Among the entries below, only the lines starting at the one with "A bedroom with" and ending at the one with "U.S. Marine Corps Pfc.", both included, are to be printed exactly.

* Given records
[Start of Attachment]
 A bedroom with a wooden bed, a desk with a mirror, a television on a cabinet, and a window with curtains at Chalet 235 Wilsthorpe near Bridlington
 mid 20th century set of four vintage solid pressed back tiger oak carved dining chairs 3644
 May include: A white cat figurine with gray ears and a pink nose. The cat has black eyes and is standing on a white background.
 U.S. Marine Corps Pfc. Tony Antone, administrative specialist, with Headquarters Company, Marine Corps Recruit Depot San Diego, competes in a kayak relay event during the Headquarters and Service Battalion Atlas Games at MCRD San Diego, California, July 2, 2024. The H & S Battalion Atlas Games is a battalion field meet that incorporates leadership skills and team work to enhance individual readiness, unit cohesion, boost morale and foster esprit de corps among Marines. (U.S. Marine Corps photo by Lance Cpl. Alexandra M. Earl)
[End of Attachment]
[Start of Attachment]
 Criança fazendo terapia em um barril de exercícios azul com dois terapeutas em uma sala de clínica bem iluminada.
[End of Attachment]
* Answer
 A bedroom with a wooden bed, a desk with a mirror, a television on a cabinet, and a window with curtains at Chalet 235 Wilsthorpe near Bridlington
 mid 20th century set of four vintage solid pressed back tiger oak carved dining chairs 3644
 May include: A white cat figurine with gray ears and a pink nose. The cat has black eyes and is standing on a white background.
 U.S. Marine Corps Pfc. Tony Antone, administrative specialist, with Headquarters Company, Marine Corps Recruit Depot San Diego, competes in a kayak relay event during the Headquarters and Service Battalion Atlas Games at MCRD San Diego, California, July 2, 2024. The H & S Battalion Atlas Games is a battalion field meet that incorporates leadership skills and team work to enhance individual readiness, unit cohesion, boost morale and foster esprit de corps among Marines. (U.S. Marine Corps photo by Lance Cpl. Alexandra M. Earl)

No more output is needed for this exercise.